▶ **Work order**
Please reproduce every record exactly as written, leaving out the pictures.

▶ **Record extracts**

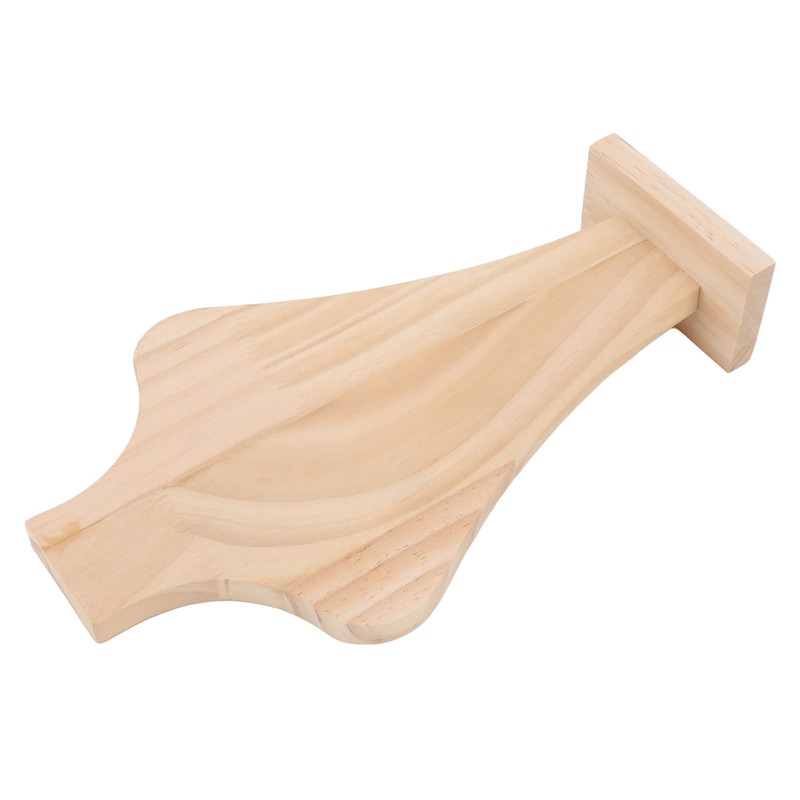 2pcs Wooden Necklace Display Stand Vase Shaped Light Weight Solid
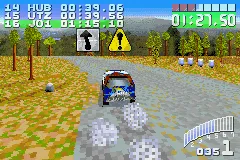 Colin McRae Rally 2.0 gameplay screenshot on GBA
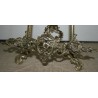 Chevalet style baroque en laiton poli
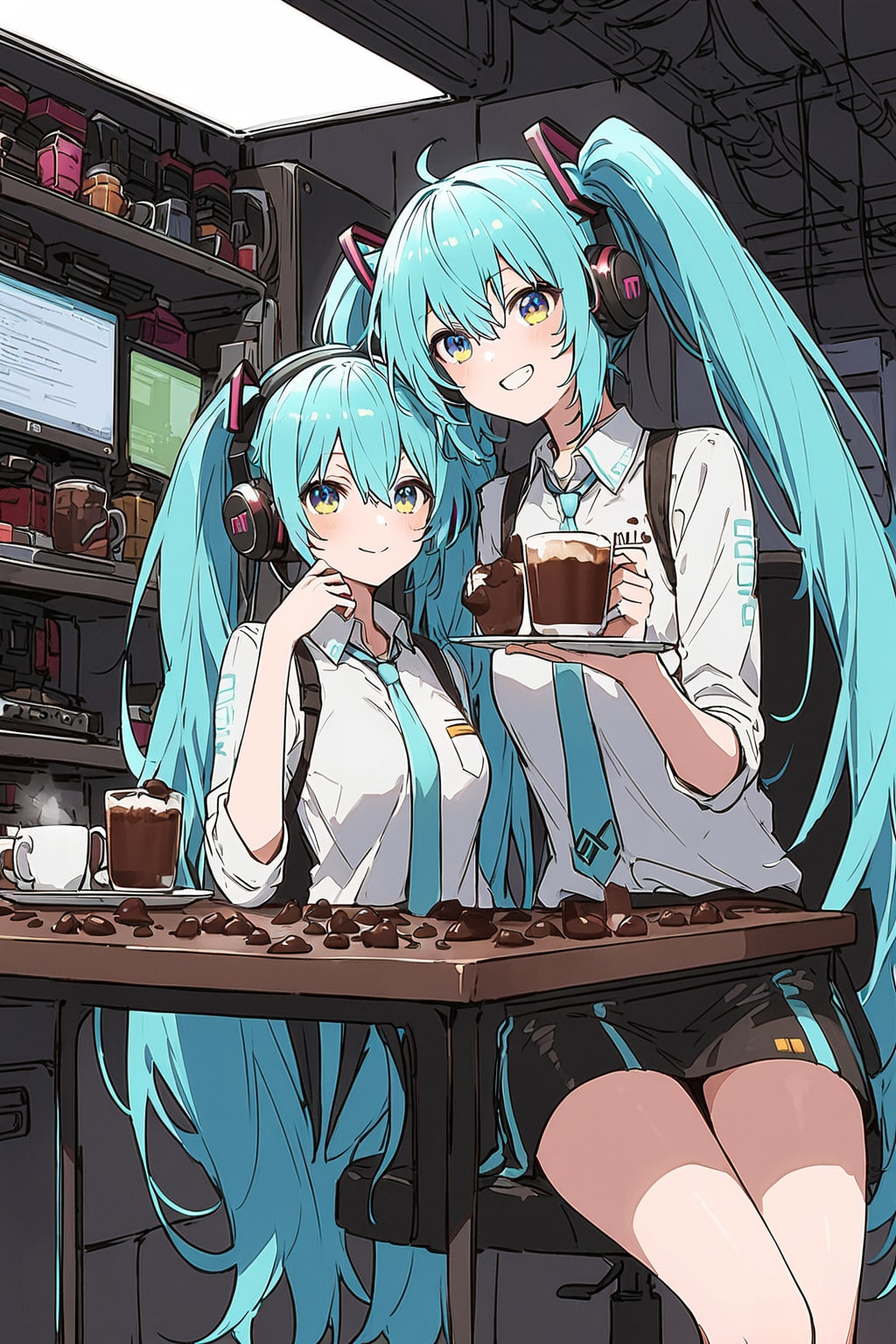 ２人のココアタイム | の人気AIイラスト・グラビア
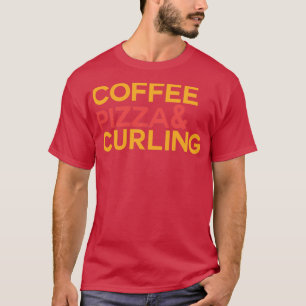 Camiseta Coffee Pizza Curling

▶ **Reply to the exercise**
 2pcs Wooden Necklace Display Stand Vase Shaped Light Weight Solid
 Colin McRae Rally 2.0 gameplay screenshot on GBA
 Chevalet style baroque en laiton poli
 ２人のココアタイム | の人気AIイラスト・グラビア
 Camiseta Coffee Pizza Curling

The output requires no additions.